You are viewing a plain text version of this content. The canonical link for it is here.
Posted to dev@parquet.apache.org by "Cheng Lian (JIRA)" <ji...@apache.org> on 2015/08/13 10:21:45 UTC

[jira] [Updated] (PARQUET-136) NPE thrown in StatisticsFilter when all values in a string/binary column trunk are null

     [ https://issues.apache.org/jira/browse/PARQUET-136?page=com.atlassian.jira.plugin.system.issuetabpanels:all-tabpanel ]

Cheng Lian updated PARQUET-136:
-------------------------------
    Description: 
For a string or a binary column, if all values in a single column trunk are null, so do the min & max values in the column trunk statistics. However, while checking the statistics for column trunk pruning, a null check is missing, and causes NPE. Corresponding code can be found [here|https://github.com/apache/parquet-mr/blob/251a495d2a72de7e892ade7f64980f51f2fcc0dd/parquet-hadoop/src/main/java/parquet/filter2/statisticslevel/StatisticsFilter.java#L97-L100].

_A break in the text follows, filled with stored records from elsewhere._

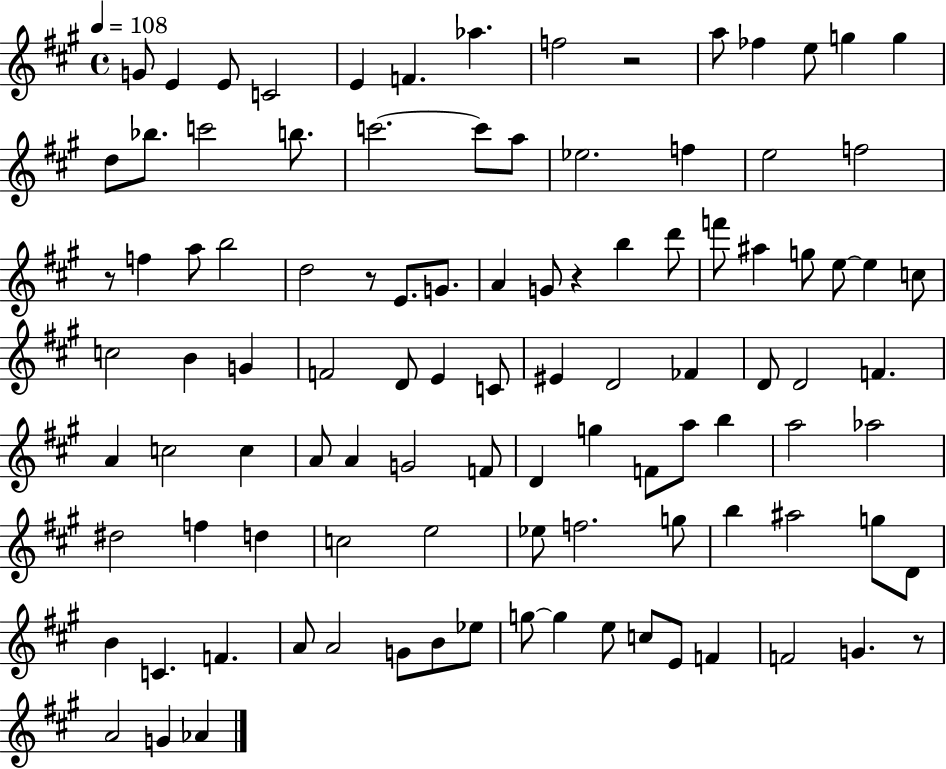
{
  \clef treble
  \time 4/4
  \defaultTimeSignature
  \key a \major
  \tempo 4 = 108
  \repeat volta 2 { g'8 e'4 e'8 c'2 | e'4 f'4. aes''4. | f''2 r2 | a''8 fes''4 e''8 g''4 g''4 | \break d''8 bes''8. c'''2 b''8. | c'''2.~~ c'''8 a''8 | ees''2. f''4 | e''2 f''2 | \break r8 f''4 a''8 b''2 | d''2 r8 e'8. g'8. | a'4 g'8 r4 b''4 d'''8 | f'''8 ais''4 g''8 e''8~~ e''4 c''8 | \break c''2 b'4 g'4 | f'2 d'8 e'4 c'8 | eis'4 d'2 fes'4 | d'8 d'2 f'4. | \break a'4 c''2 c''4 | a'8 a'4 g'2 f'8 | d'4 g''4 f'8 a''8 b''4 | a''2 aes''2 | \break dis''2 f''4 d''4 | c''2 e''2 | ees''8 f''2. g''8 | b''4 ais''2 g''8 d'8 | \break b'4 c'4. f'4. | a'8 a'2 g'8 b'8 ees''8 | g''8~~ g''4 e''8 c''8 e'8 f'4 | f'2 g'4. r8 | \break a'2 g'4 aes'4 | } \bar "|."
}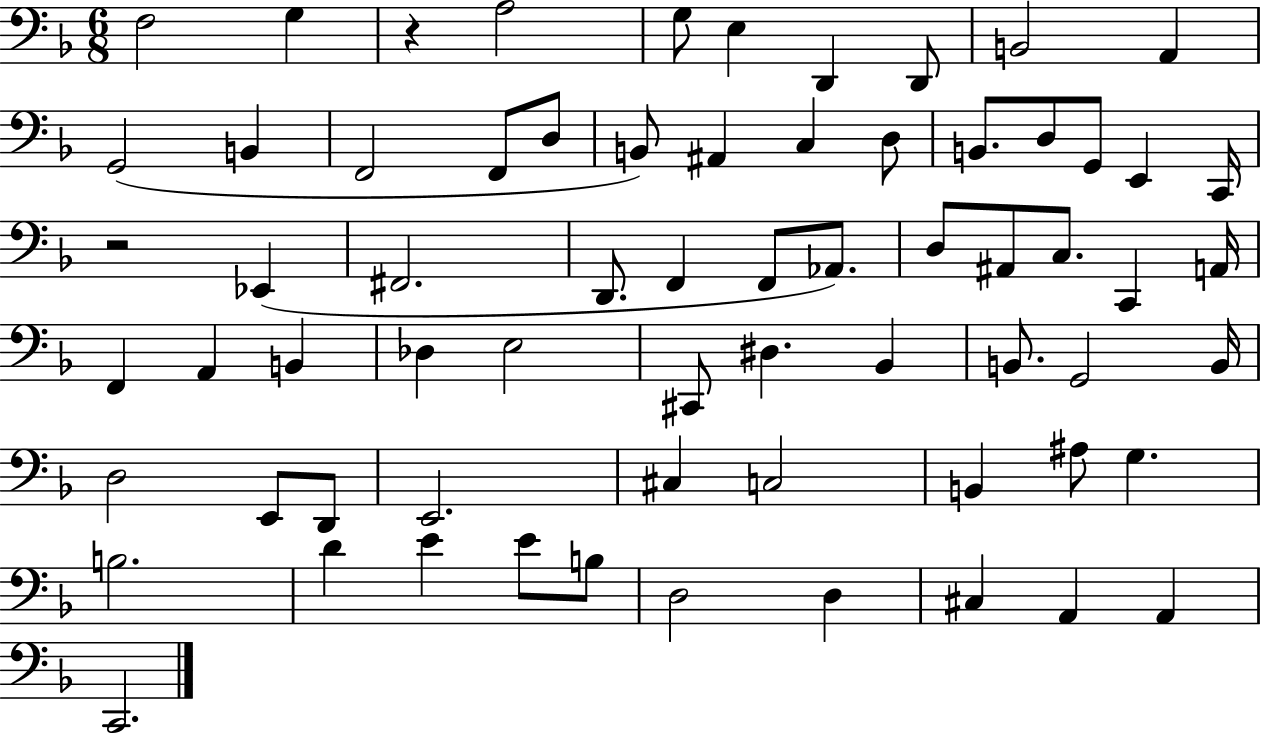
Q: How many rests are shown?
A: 2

This issue can be steadily reproduced with the following Spark shell snippet against Spark 1.2.0-SNAPSHOT ([013089794d|https://github.com/apache/spark/tree/013089794ddfffbae8b913b72c1fa6375774207a]):
{code}
import org.apache.spark.sql.SQLContext

val sqlContext = new SQLContext(sc)
import sqlContext._

case class StringCol(value: String)

sc.parallelize(StringCol(null) :: Nil, 1).saveAsParquetFile("/tmp/empty.parquet")
parquetFile("/tmp/empty.parquet").registerTempTable("null_table")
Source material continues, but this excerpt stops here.